Off The Record #3: Are cognitive biases universal across cultures?
A comparison between Kenyan residents and Western subjects
A short history of biases
Behavioral Economics as a field has grown out of the discovery of several core ‘biases’, many of which were identified in the early 1970s by Nobel Laureate Daniel Kahneman and his co-author Amos Tversky. These biases are identified as a systematic pattern of thinking which deviate from formal logic and influence our judgement and decision-making. Their pioneering work helped to demonstrate that, unlike the neoclassical model of economic decision-making suggests, we, as humans are not rational: we are biased. This discovery, along with numerous additional cognitive biases identified by others since, has formed the backbone of this multidisciplinary field, not to mention the outline of many a pop-science book (Blink, Thinking Fast and Slow, The Power of Habit, etc).
Why context matters
As a Behavioral Science research organisation, we know that context (environment, culture, framing, etc) greatly influences behavior. So how does the context of this research affect the results? The significant majority of work in this field has historically been conducted on a narrow group of people. Arnett (2009) shows that 96% of top psychology findings were conducted on Western samples, more specifically from a subject pool of individuals from Western, Educated, Industrialised, Rich and Democratic (WEIRD) societies (and usually from the top echelons therein). With African samples accounting for a meagre 0.002%, the universality of these findings can be called into question.
What we can do about it
At Busara Center, we believe that only by locally embedding ourselves within a specific context can we build behaviorally-informed solutions. This has formed the basis of our mission, to advance and apply Behavioral Science in pursuit of poverty alleviation, and we do this from our headquarters in Nairobi, Kenya, as well as our offices across the African continent. In 2016 we ran the exact same studies as designed by Kahneman & Tversky in the early 1970s with Kenyan nationals, to understand how biases differ across cultures. What was immediately apparent from our 2016 study was that comprehension was low. Frankly, it doesn’t take a (Behavioral) Scientist to understand why!
The measure for one of the biases, the ‘Decoy Effect’ asks Kibera residents, a low-income neighbourhood in Nairobi, to make a purchasing decision on different subscriptions to “The Economist” magazine. The subscription amount is three times greater than their average monthly wage. Another measure asks respondents to select the statement most likely to characterize Linda, 31 years old, single, outspoken and a philosophy major who participated in anti-nuclear demonstrations… Not exactly a standard profile you would meet in Kenya.
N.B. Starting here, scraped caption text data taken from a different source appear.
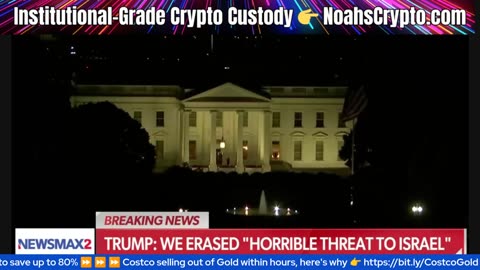 🟢 WATCH LIVE: US Strikes Iran, FULL ANALYSIS and BREAKDOWN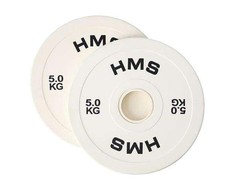 Olimpinis svoris HMS CBRS50, 2 x 5kg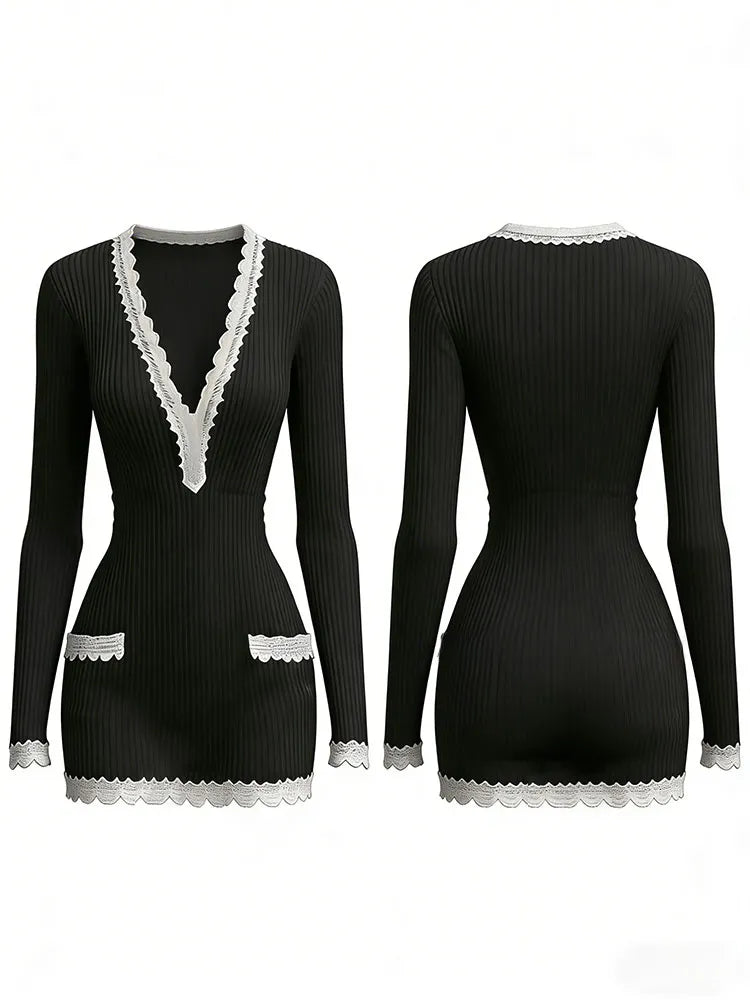 Vintage Inspired Dress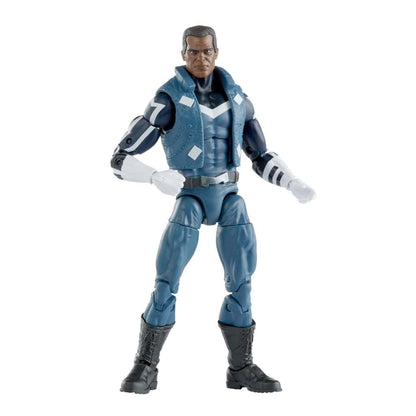 HASBRO - MARVEL LEGENDS CONTROLLER BLUE MARVEL AF ACTION FIGURE
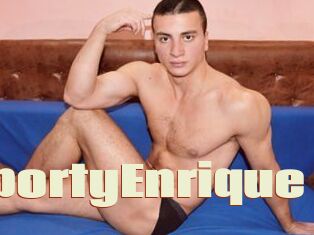 SportyEnrique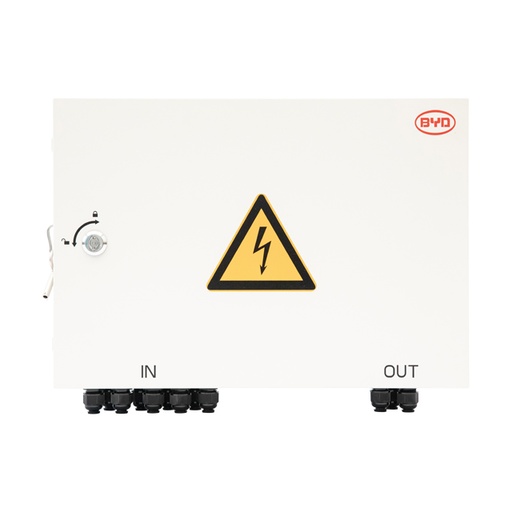 [13193966-00] BYD Combiner Box CBH-40A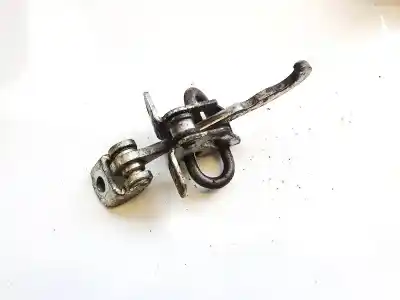 Second-hand car spare part hinge for opel zafira a 2.0 dti oem iam references   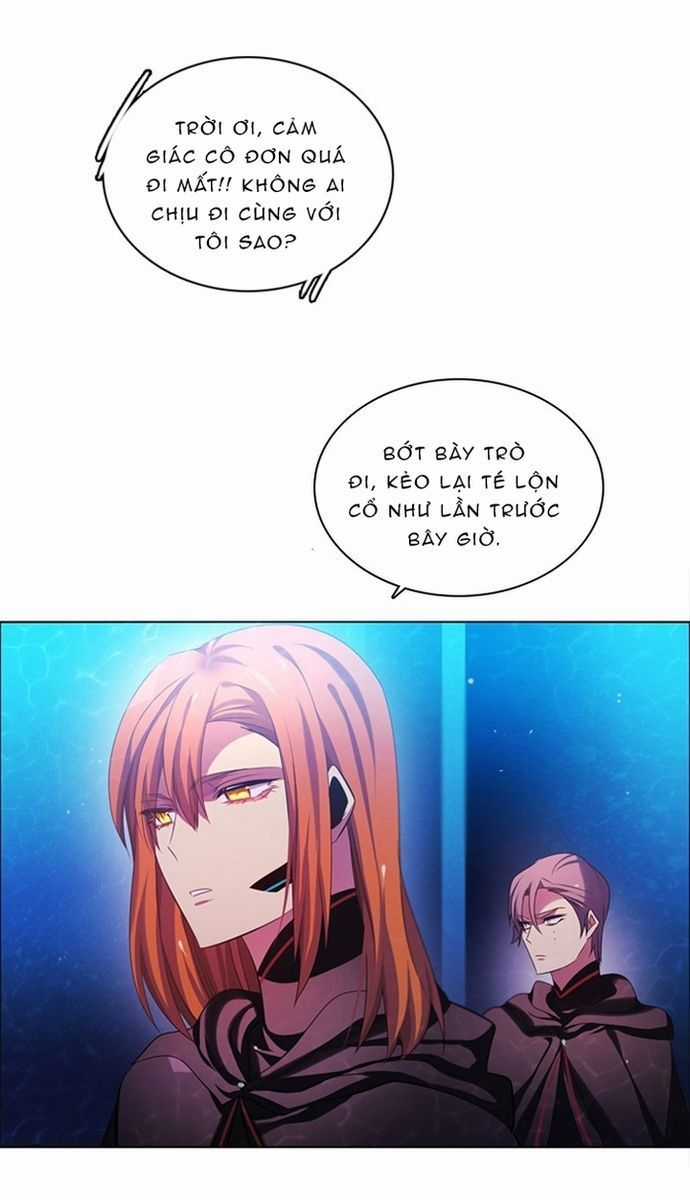 Zero Game - Chương 65 - Trang 124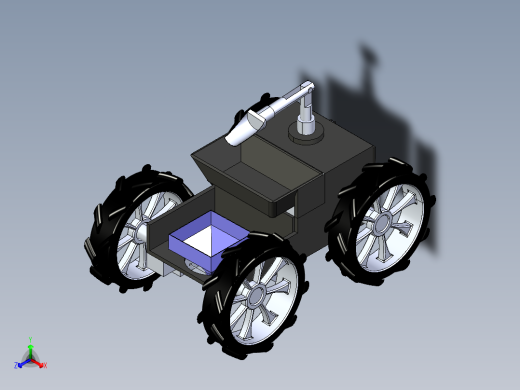 自动种籽+&amp;amp;+肥料供应商机器人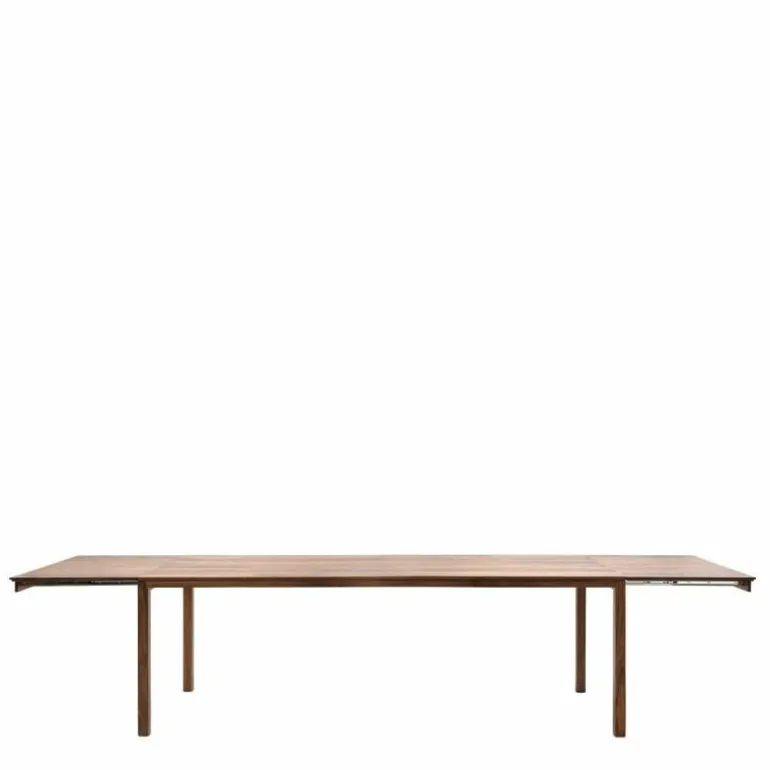 Kem 849 Flynt Eettafel Uitschuifbaar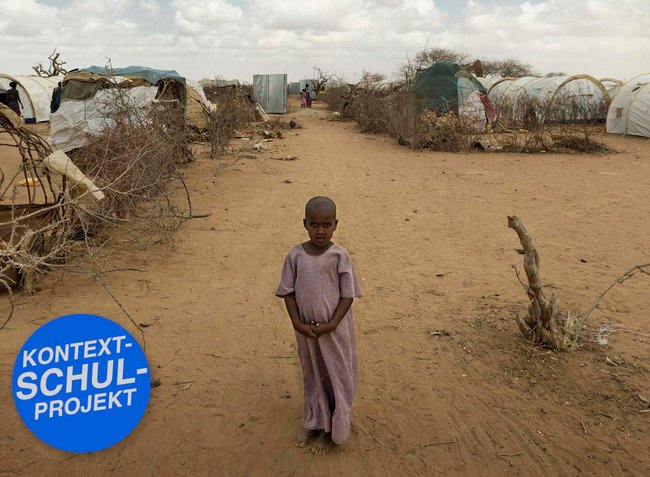 "Man kann etwas bewegen"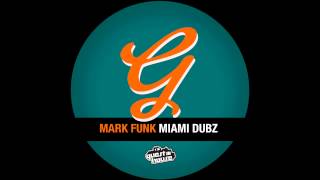 Mark Funk - Disco Dub Resimi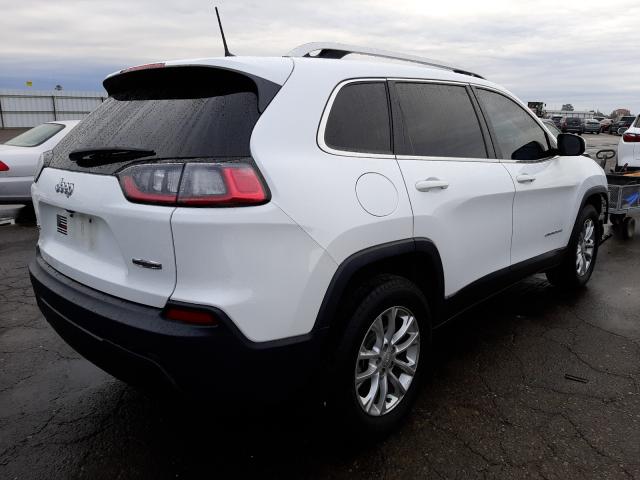 Photo 3 VIN: 1C4PJMCB9KD134338 - JEEP CHEROKEE L 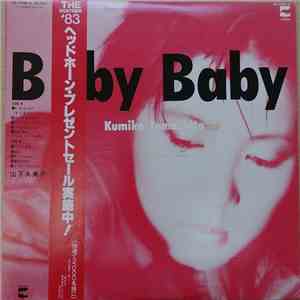 Kumiko Yamashita - Baby Baby download flac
And, if the examples are not recognizable, the hypothesized psychological processes are not engaged because the decision is so different, making our results “null”.
Contextualisation of biases
Having identified the three most problematic biases in the 2016 study regarding comprehension, we set out to contextualise them, adjusting elements of the problems to make them recognizable while maintaining the key psychological components of the original problems.
[Hover your mouse over each box for more information. You will find the research design, the expected bias, and the specific results of both the contextualized and original measures.]
How we tested the contextualised versions
To test whether results substantially differ between the original measure and the contextual measure, field staff surveyed 409 respondents from the Kibera informal settlement (the same population group as the Kenyan low-income group from the 2016 study) using tablets to collect data. Respondents were randomly assigned to either the contextualised or original version of each measure at the individual-measure level.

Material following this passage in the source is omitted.